ACI: “Costi e pressione fiscale massacrano il mercato dell’auto”

aciAngelo Sticchi Damiani, il presidente dell’Automobile Club d’Italia, o ACI, è intervenuto sullo stato di salute del mercato dell’auto in Italia: un settore in gravissime difficoltà, come abbiamo avuto modo di vedere in questi mesi. Il 2012 dell’auto si è concluso con una flessione di quasi il 20%: le immatricolazioni sono letteralmente crollate, tornando a livelli di molti anni fa. Ciò manda in crisi l’intero comparto automotive italiano, suscitando la preoccupazione dell’ACI. Quali sono le cause di questa crisi così pesante che il mercato dell’auto sta affrontando in questi mesi?
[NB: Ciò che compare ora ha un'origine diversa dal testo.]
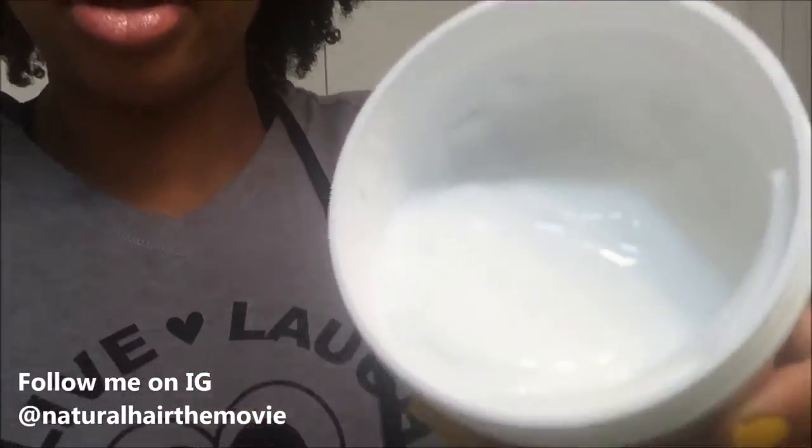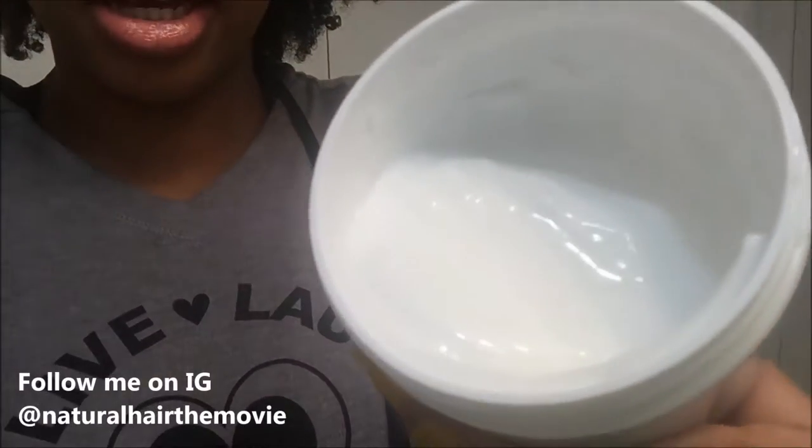It actually reminds me of Elmer's glue. You can see that's what it looks like — it looks like glue — but the consistency is actually like a yogurt.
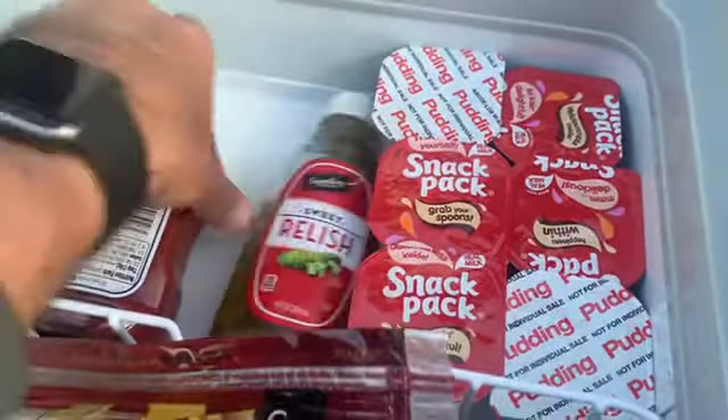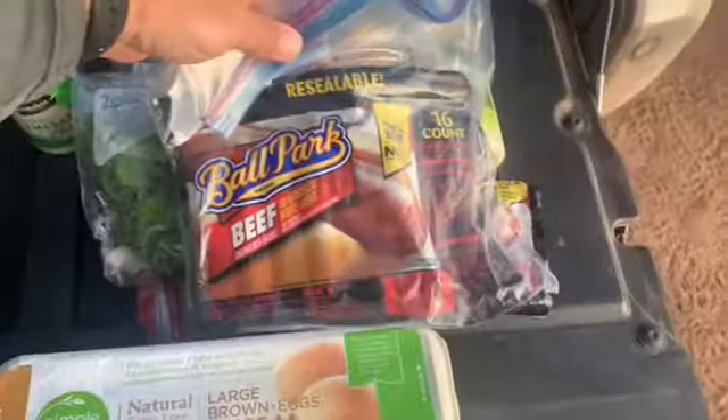Pudding, relish, ketchup, Pepper Jack cheese, lettuce for sandwiches, a dozen eggs. More hot dogs — this is a big pack of hot dogs, 16 of them in there.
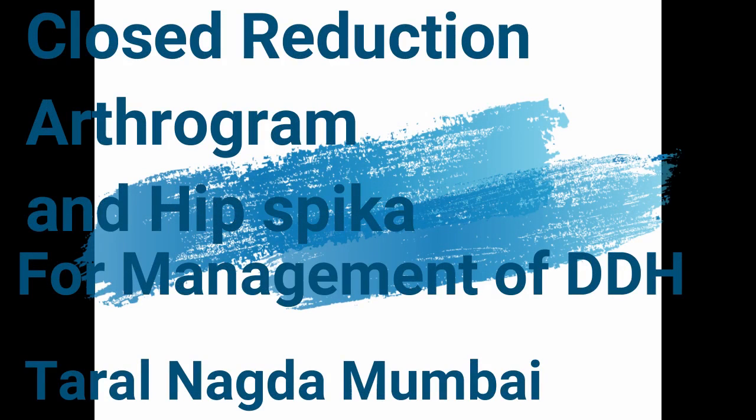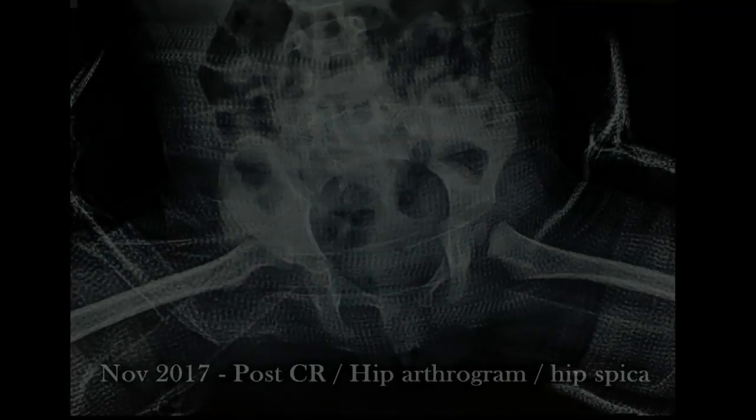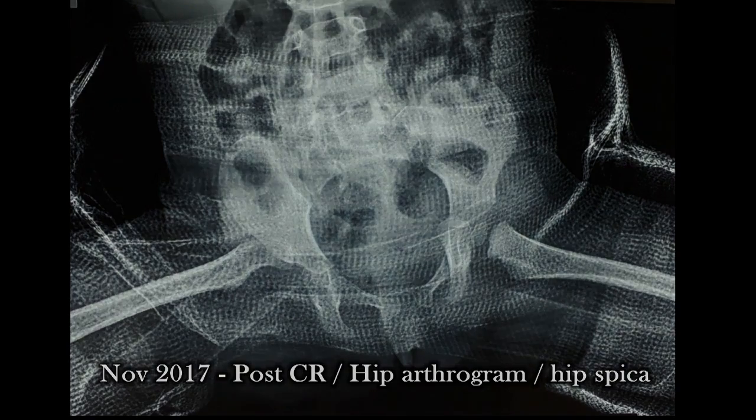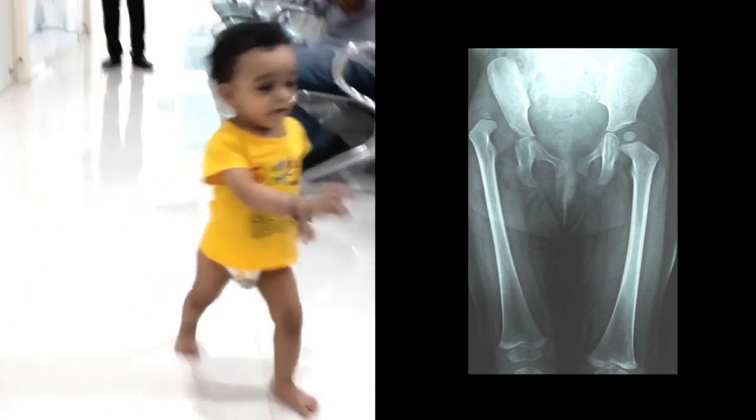This video covers Closed Reduction Arthrogram and Hip Spica for management of DDH. This is a 1-year-old child with DDH. Hip Spica and Arthrogram was tried for her but it failed. Now the child is 1 year and 3 months. This is how she is walking, with a limp on the right side.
L’ACI prova a dare la propria chiave di lettura: fisco e costi di gestione. “L’attuale drammatico crollo delle immatricolazioni che si e’ registrato nel 2012 è conseguenza diretta della folle corsa dei costi per l’auto ed in particolare della pressione fiscale che e’ aumentata fino a sfiorare i 60 miliardi di euro, più che raddoppiando rispetto a solo venti anni fa” si legge in una nota firmata dal presidente dell’Automobile Club d’Italia, Angelo Sticchi Damiani. Gli italiani non vogliono acquistare una nuova auto per non sostenere costi troppo elevati, spese che in un periodo di crisi sono assolutamente insostenibili: dall’RC auto, al prezzo della benzina, passando per assicurazione e tutte le altre tasse correlate al possesso dell’automobile (tasse sui carburanti, pressione fiscale su RC auto). L’ACI chiede a gran forza che dopo le elezioni, ci possa essere un alleggerimento del carico fiscale per gli automobilisti italiani: “dovrebbe essere una delle prime voci dell’agenda politica di qualsiasi candidato alle prossime elezioni politiche perché l’intero comparto è allo stremo delle forze” conclude Angelo Sticchi Damiani, il presidente dell’Automobile Club d’Italia.